> [TASK PROMPT]: Scan the entries line by line and return those with "image".

> [DATASET]:
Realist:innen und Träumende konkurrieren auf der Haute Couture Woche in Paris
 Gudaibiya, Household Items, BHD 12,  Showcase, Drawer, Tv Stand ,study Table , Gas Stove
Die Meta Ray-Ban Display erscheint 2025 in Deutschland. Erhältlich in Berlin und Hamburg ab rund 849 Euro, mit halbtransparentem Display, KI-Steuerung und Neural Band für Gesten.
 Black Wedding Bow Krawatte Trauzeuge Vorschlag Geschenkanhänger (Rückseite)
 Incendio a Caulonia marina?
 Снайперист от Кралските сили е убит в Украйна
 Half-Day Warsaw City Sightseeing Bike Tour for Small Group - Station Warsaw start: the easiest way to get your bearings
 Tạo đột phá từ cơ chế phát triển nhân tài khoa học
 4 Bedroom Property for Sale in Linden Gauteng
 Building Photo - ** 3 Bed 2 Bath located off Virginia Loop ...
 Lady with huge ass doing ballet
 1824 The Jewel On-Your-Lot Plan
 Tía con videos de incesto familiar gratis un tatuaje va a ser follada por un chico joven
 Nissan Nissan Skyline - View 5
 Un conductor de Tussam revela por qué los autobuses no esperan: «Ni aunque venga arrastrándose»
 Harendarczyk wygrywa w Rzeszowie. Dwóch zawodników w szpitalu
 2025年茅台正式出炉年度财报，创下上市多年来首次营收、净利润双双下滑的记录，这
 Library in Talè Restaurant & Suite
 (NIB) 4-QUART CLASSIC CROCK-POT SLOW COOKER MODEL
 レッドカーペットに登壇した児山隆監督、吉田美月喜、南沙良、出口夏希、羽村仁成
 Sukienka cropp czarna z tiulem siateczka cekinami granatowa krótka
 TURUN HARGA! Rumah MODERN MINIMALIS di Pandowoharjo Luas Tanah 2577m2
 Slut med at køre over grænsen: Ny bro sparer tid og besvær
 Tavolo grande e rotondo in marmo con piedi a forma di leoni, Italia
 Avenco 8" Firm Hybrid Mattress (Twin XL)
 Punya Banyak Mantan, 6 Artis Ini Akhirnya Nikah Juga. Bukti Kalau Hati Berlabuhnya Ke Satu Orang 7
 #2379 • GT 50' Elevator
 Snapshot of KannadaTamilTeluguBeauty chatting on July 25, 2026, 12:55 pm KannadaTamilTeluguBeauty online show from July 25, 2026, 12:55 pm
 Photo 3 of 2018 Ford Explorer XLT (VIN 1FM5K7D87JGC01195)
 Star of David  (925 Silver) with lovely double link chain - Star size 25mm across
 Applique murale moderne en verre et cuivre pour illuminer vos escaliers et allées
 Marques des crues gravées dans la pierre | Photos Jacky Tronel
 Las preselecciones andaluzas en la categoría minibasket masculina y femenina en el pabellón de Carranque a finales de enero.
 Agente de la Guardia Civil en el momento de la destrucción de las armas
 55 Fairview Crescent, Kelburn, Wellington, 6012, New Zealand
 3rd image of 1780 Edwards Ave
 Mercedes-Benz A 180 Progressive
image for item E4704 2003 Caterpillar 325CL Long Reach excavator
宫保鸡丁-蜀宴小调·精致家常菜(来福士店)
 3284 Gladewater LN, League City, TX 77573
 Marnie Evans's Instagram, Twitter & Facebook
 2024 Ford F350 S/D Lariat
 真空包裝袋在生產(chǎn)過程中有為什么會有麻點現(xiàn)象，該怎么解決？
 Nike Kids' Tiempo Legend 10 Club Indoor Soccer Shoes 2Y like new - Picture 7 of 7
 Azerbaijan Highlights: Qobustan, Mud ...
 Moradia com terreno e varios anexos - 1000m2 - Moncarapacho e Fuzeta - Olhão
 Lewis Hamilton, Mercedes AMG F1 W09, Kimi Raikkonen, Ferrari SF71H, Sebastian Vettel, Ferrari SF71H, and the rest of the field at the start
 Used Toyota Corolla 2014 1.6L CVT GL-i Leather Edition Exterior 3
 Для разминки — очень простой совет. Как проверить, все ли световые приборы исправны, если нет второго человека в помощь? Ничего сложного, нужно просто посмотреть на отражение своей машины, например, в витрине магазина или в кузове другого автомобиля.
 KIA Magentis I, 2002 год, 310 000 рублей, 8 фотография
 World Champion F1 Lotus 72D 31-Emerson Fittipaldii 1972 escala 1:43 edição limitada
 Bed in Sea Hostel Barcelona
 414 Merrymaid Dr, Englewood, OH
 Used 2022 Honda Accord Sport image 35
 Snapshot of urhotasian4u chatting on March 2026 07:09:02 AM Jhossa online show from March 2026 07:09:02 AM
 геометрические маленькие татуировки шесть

> [ANSWER SECTION]:
 3rd image of 1780 Edwards Ave
image for item E4704 2003 Caterpillar 325CL Long Reach excavator
 Used 2022 Honda Accord Sport image 35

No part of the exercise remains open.